Feature importance is available in artifact["feature_importances"]:

  • RF importance is the scikit-learn impurity-based importance.
  • XGB importance is the XGBoost gain importance.

These definitions measure different quantities. Importance values should be interpreted within the context of each model and should not be treated as directly equivalent between RF and XGB. Correlated radar predictors can also share or redistribute importance.

Validation Design

The models were developed using observations from 2020-2023 at 252 stations in the training region. Spatial validation used 30 held-out stations from the same period, and temporal validation used 2024 observations from the training-region stations. Validation data and results are not part of this model-only archive.

Data Availability and Limitations

The source radar products, including three-dimensional CAPPI reflectivity were provided by the Central Weather Administration and the National Science and Technology Center for Disaster Reduction. Redistribution restrictions prevent their inclusion. Rain-gauge observations and derived training or validation samples are also not included here.

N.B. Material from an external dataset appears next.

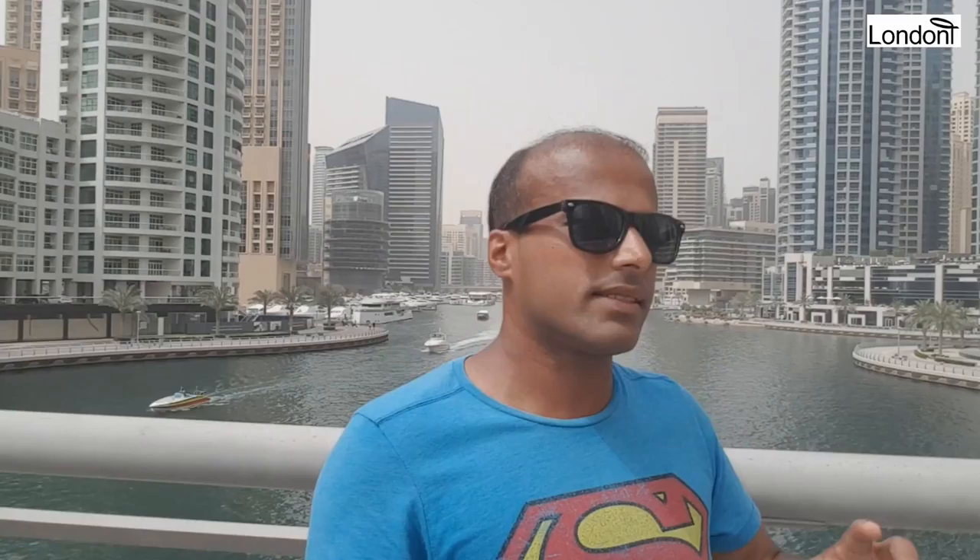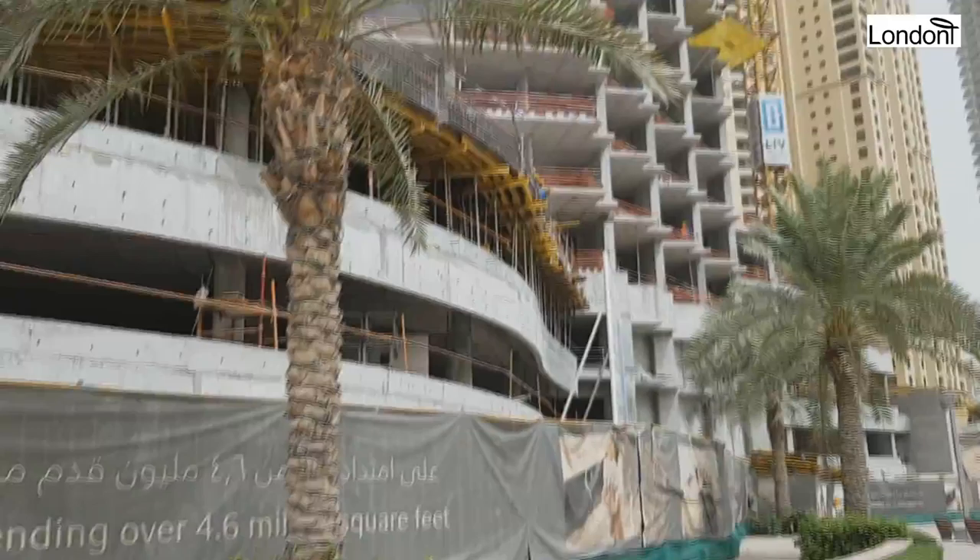I'm absolutely blown away just by the number of buildings here. You could take from all the major cities around the world, take one of these buildings each, and you still wouldn't realize it's gone because there are so many — and they're still developing it. You can hear the noise of people still working away.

Reusing these models requires independently obtained data with matching variables and identical preprocessing. The archive alone is not sufficient to reconstruct the restricted input dataset or reproduce model training from raw observations.

Security Notice

Joblib files use Python's pickle-based serialization. Load these files only from a trusted source, because loading an untrusted pickle or joblib file can execute arbitrary code.